Um projeto de lei para isso nem sequer foi encaminhado à Assembleia. O prazo é o final deste ano, assim como a publicação de um edital para contratar novos servidores para a Secretaria de Recursos Hídricos. Paraíba e Rio Grande do Norte aparecem num nível intermediário, com os órgãos gestores criados, mas ainda sem estrutura. O mais adiantado é o Ceará, mas que, mesmo assim, tem prazos a curto, médio e longo prazos redefinidos pela agência reguladora.

"Na outorga [2005] demos prazos finais e, como constatamos atrasos na execução das medidas, preventivamente achamos importante colocar prazos intermediários, para a gente poder fazer uma gestão mais minuciosa, imprimir uma disciplina", disse Machado.

Frase
"O relatório confirmou nossas preocupações. De uma maneira geral, os Estados estão bem atrasados no cumprimento das suas responsabilidades". JOSÉ MACHADO diretor-presidente da Agência Nacional de Águas.

Outro lado: Estados dizem que irão cumprir determinações
Representantes de Ceará, Pernambuco, Paraíba e Rio Grande do Norte disseram ontem que os prazos definidos em resolução da semana passada da ANA serão cumpridos pelos Estados.

Apontado como o mais atrasado, o governo pernambucano promete enviar ainda neste mês à Assembleia Legislativa o projeto de criação da Agência Pernambucana de Água e Clima. "Repactuamos com eles [agência] os prazos exatamente como propuseram. Não ficou nenhum prazo em aberto. Não tenha dúvida [que estaremos preparados]", diz João Bosco de Almeida, secretário de Recursos Hídricos do Estado.

No caso da Paraíba, a justificativa pelo atraso é a recente troca de governo, com a posse de José Maranhão (PMDB) após a cassação de Cássio Cunha Lima (PSDB). "Todos os prazos foram aceitos, pois são factíveis de serem cumpridos", disse o secretário de Recursos Hídricos, Francisco Sarmento.

No Rio Grande do Norte, a promessa é equipar o Instituto de Gestão das Águas do Estado, com a contratação de engenheiros, economistas, químicos, biólogos e sanitaristas, segundo Celso Veiga, diretor do instituto.

No caso do Ceará, o menos atrasado dos Estados, a ideia é fortalecer a estrutura da Companhia de Gestão dos Recursos Hídricos.
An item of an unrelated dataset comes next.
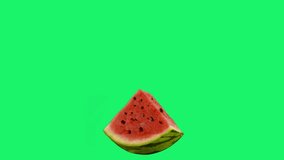 Watermelon animated video green background 4k - Powered by Shutterstock - Get 15% off with code: PIKWIZARD15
Segundo Francisco Teixeira, presidente do órgão, 60 novos técnicos devem ser contratados.

Saiba mais: Governo teve obstáculos para tocar projeto
Iniciada em meados de 2007, a transposição do rio São Francisco demorou a tomar vulto. Em janeiro deste ano, a obra se resumia a estacas fincadas no caminho dos canais de distribuição.
Pelo menos quatro meses de atrasos foram previstos pela desistência, em novembro de 2008, da Camargo Corrêa em tocar um trecho de 54 quilômetros da obra.
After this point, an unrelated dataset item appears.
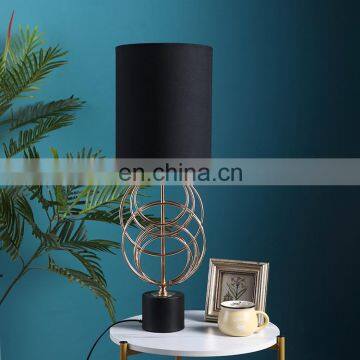 Unique modern iron table lamp cheap restaurant office hotel fancy table lights luxury with customize logo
A empreiteira pediu uma revisão do preço, de R$ 219 milhões, o que foi negado pelo governo federal. Pelo mesmo motivo, a LJA e a Ebisa também abandonaram outro trecho no final de janeiro. Em novembro do ano passado, o TCU constatou "deficiência de licitação das obras". Por conta disso, o tribunal avaliou que haveria atraso na conclusão de 2 dos 14 lotes - elas não ficariam prontas nem com ampliação de 30% do prazo.
Ao todo, 1.998 áreas teriam que ser desapropriadas para as obras. Até janeiro, 1.509 indenizações ainda não haviam sido pagas e 628 proprietários nem sequer tinham título das terras.

Dezenas de liminares motivadas por críticas ambientais e sociais também impediram o andamento das obras. Movimentos sociais, ONGs e comunidades viam riscos de desmatamento da vegetação próxima aos rios, evaporação da água canalizada, falta de sistemas de abastecimento nos municípios para fornecimento à população e domínio de latifundiários sobre a água distribuída.


Comentários

  1. Pois, começaram mais uma obra se "esquecendo" da Engenharia Institucional... Lamentável!